Minister for Defence Dr Ng Eng Hen speaks at the 54th Munich Security Conference in Munich, Germany. PHOTO: MINISTRY OF DEFENCE

SINGAPORE - China and Asean are committed to completing code of conduct guidelines to handle disputes in the South China Sea, said Defence Minister Ng Eng Hen on Saturday (Feb 17).

Dr Ng told a maritime security roundtable at the Munich Security Conference in Germany that one aspect of China's interest in the island chains in the South China Sea is they present potential encirclement against it.

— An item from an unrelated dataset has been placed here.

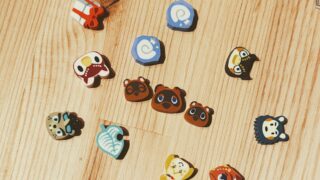 小1でもあつ森はできる?1年半遊んで分かった楽しみ方と成長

The approach of Asean member states to these issues has been a "pragmatic one", said Dr Ng, noting that the Declaration on the Conduct of Parties in the South China Sea, which Asean and China signed in 2002, took more than five years.

"This frames our expectations for the (code of conduct)," he said.

"In the meantime, the Asean Defence Ministers Meeting has worked hard to produce consensus on practical measures that prevent mishaps and miscalculations, or if there are,to de-escalate issues."

He noted that there have been at least 38 reported small-scale incidents between claimant states' ship since 2013, many of which involved fishing vessels that were eventually resolved peacefully.

Dr Ng said the Republic was glad to see that foreign affairs agencies had operationalised their hotline to respond to maritime emergencies, and that defence agencies in the region had also launched a similar direct communications infrastructure.

Dr Ng said Singapore is also pleased that the Code for Unplanned Encounters at Sea (CUES) had been expanded to all ADMM-Plus countries in November last year (2017).

ADMM-Plus includes the 10 Asean states as well as eight other countries - Australia, China, India, Japan, New Zealand, South Korea, Russia and the United States.

Singapore, the Asean Chair this year (2018), hopes to develop guidelines for encounters between regional military aircraft, he said, adding that multilateral undertakings, such as the Asean-China Maritime Exercise 2018, can "enhance practical cooperation and build confidence".

Noting that an estimated one-third of all global shipping passes through the South China Sea, Dr Ng said: "All countries have recognised the critical need for peace and stability in these waters."